Give the records again in full, exactly as written.

Entries supplied Start Marker

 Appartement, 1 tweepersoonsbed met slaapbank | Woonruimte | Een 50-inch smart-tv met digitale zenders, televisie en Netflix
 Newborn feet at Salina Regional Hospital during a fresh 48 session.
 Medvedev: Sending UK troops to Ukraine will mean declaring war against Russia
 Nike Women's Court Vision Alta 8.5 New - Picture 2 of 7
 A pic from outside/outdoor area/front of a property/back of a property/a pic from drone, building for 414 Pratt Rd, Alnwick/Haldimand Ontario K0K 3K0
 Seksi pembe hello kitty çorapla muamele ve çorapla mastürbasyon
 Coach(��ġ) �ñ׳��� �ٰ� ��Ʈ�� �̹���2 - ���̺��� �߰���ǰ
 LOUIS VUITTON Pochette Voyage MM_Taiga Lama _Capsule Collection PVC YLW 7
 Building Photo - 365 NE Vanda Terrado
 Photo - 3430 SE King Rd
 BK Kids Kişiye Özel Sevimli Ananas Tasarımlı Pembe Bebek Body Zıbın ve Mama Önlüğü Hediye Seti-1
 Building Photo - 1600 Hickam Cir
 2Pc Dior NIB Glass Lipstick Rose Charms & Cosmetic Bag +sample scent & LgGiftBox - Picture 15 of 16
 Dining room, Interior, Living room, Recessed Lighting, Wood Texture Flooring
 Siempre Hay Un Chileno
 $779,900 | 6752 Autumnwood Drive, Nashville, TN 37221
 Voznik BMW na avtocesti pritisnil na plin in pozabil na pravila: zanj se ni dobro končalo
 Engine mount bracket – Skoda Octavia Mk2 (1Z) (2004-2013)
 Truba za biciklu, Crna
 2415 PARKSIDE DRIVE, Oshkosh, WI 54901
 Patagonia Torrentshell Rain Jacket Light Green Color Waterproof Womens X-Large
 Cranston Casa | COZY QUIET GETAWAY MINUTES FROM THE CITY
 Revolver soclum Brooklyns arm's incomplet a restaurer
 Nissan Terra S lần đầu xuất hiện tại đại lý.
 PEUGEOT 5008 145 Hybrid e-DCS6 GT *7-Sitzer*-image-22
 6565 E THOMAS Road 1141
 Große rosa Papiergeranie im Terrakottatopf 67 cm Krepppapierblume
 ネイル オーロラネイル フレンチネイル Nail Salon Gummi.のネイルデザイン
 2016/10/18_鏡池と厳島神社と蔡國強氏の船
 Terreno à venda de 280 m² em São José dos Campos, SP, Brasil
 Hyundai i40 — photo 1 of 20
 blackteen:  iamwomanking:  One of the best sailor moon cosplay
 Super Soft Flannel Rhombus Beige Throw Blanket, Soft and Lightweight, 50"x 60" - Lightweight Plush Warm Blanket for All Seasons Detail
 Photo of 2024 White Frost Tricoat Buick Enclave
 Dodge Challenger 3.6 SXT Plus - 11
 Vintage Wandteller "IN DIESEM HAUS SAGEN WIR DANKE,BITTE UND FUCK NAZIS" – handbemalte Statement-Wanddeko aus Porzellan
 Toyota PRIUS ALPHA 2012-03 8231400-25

Entries supplied End Marker

Your solution:
 Appartement, 1 tweepersoonsbed met slaapbank | Woonruimte | Een 50-inch smart-tv met digitale zenders, televisie en Netflix
 Newborn feet at Salina Regional Hospital during a fresh 48 session.
 Medvedev: Sending UK troops to Ukraine will mean declaring war against Russia
 Nike Women's Court Vision Alta 8.5 New - Picture 2 of 7
 A pic from outside/outdoor area/front of a property/back of a property/a pic from drone, building for 414 Pratt Rd, Alnwick/Haldimand Ontario K0K 3K0
 Seksi pembe hello kitty çorapla muamele ve çorapla mastürbasyon
 Coach(��ġ) �ñ׳��� �ٰ� ��Ʈ�� �̹���2 - ���̺��� �߰���ǰ
 LOUIS VUITTON Pochette Voyage MM_Taiga Lama _Capsule Collection PVC YLW 7
 Building Photo - 365 NE Vanda Terrado
 Photo - 3430 SE King Rd
 BK Kids Kişiye Özel Sevimli Ananas Tasarımlı Pembe Bebek Body Zıbın ve Mama Önlüğü Hediye Seti-1
 Building Photo - 1600 Hickam Cir
 2Pc Dior NIB Glass Lipstick Rose Charms & Cosmetic Bag +sample scent & LgGiftBox - Picture 15 of 16
 Dining room, Interior, Living room, Recessed Lighting, Wood Texture Flooring
 Siempre Hay Un Chileno
 $779,900 | 6752 Autumnwood Drive, Nashville, TN 37221
 Voznik BMW na avtocesti pritisnil na plin in pozabil na pravila: zanj se ni dobro končalo
 Engine mount bracket – Skoda Octavia Mk2 (1Z) (2004-2013)
 Truba za biciklu, Crna
 2415 PARKSIDE DRIVE, Oshkosh, WI 54901
 Patagonia Torrentshell Rain Jacket Light Green Color Waterproof Womens X-Large
 Cranston Casa | COZY QUIET GETAWAY MINUTES FROM THE CITY
 Revolver soclum Brooklyns arm's incomplet a restaurer
 Nissan Terra S lần đầu xuất hiện tại đại lý.
 PEUGEOT 5008 145 Hybrid e-DCS6 GT *7-Sitzer*-image-22
 6565 E THOMAS Road 1141
 Große rosa Papiergeranie im Terrakottatopf 67 cm Krepppapierblume
 ネイル オーロラネイル フレンチネイル Nail Salon Gummi.のネイルデザイン
 2016/10/18_鏡池と厳島神社と蔡國強氏の船
 Terreno à venda de 280 m² em São José dos Campos, SP, Brasil
 Hyundai i40 — photo 1 of 20
 blackteen:  iamwomanking:  One of the best sailor moon cosplay
 Super Soft Flannel Rhombus Beige Throw Blanket, Soft and Lightweight, 50"x 60" - Lightweight Plush Warm Blanket for All Seasons Detail
 Photo of 2024 White Frost Tricoat Buick Enclave
 Dodge Challenger 3.6 SXT Plus - 11
 Vintage Wandteller "IN DIESEM HAUS SAGEN WIR DANKE,BITTE UND FUCK NAZIS" – handbemalte Statement-Wanddeko aus Porzellan
 Toyota PRIUS ALPHA 2012-03 8231400-25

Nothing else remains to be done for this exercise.